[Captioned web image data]
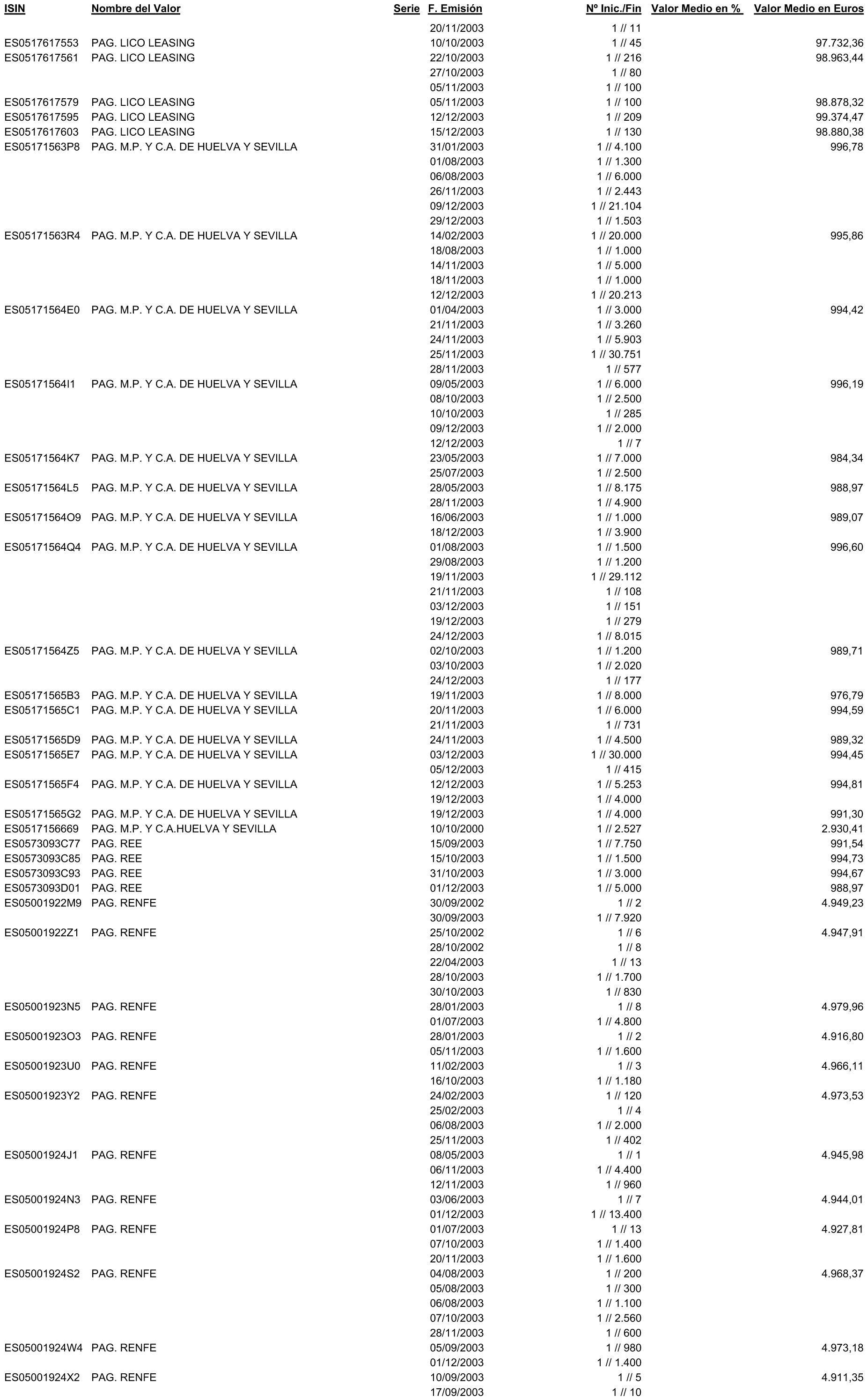 Imagen: /datos/imagenes/disp/2004/32/02271_9862418_image38.png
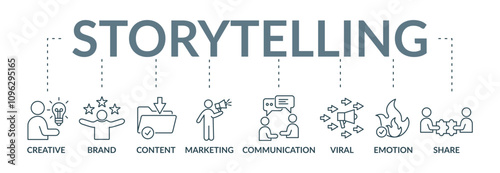 Storytelling banner concept illustration with icon creative, brand, content, marketing, communication, viral, emotion, share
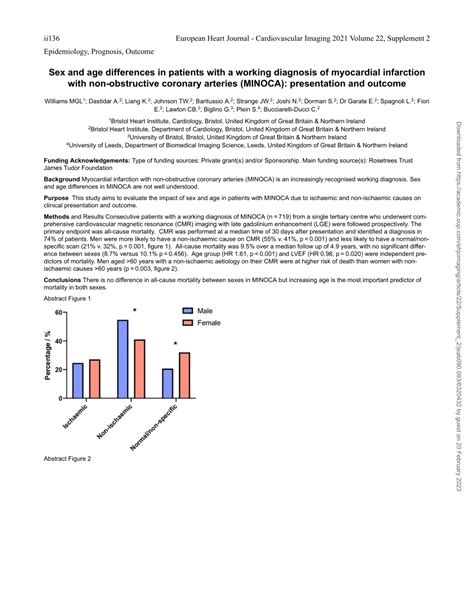 PDF Sex And Age Differences In Patients With A Working Diagnosis Of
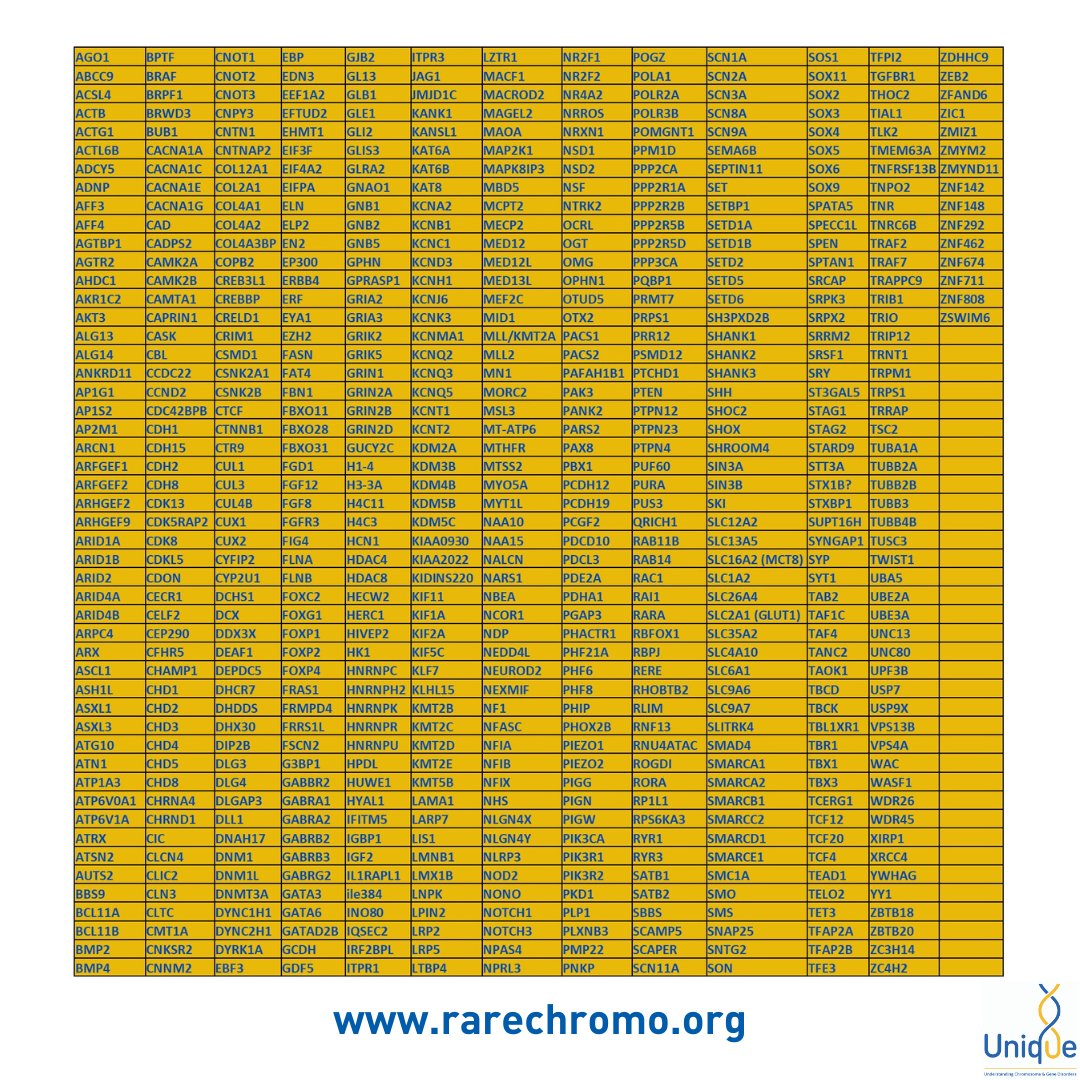 We now have members with a variant in more than SIX HUNDRED different single genes!!! Our team have now published information guides to 70 Single Gene Disorders, see rarechromo.org/disorder-guide…:  This is a list of #genes for which we have at least one member with a variant. #Genomics
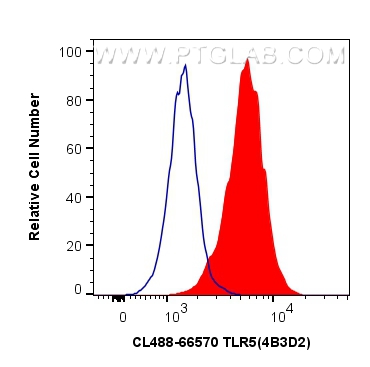 Flow cytometry (FC) experiment of THP-1 cells using CoraLite® Plus 488-conjugated TLR5 Monoclonal anti (CL488-66570)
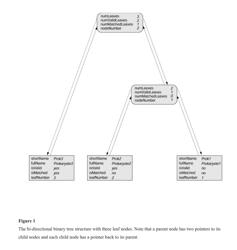 Genetic Affinity of Microorganisms and Viruses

§ Problem statement
Begin at the first line of the data above and repeat each line exactly, stopping after the line containing "We now have". Omit the pictures.

§ Solution for this problem
 Imagen: /datos/imagenes/disp/2004/32/02271_9862418_image38.png
 Storytelling banner concept illustration with icon creative, brand, content, marketing, communication, viral, emotion, share
 PDF Sex And Age Differences In Patients With A Working Diagnosis Of
 We now have members with a variant in more than SIX HUNDRED different single genes!!! Our team have now published information guides to 70 Single Gene Disorders, see rarechromo.org/disorder-guide…:  This is a list of #genes for which we have at least one member with a variant. #Genomics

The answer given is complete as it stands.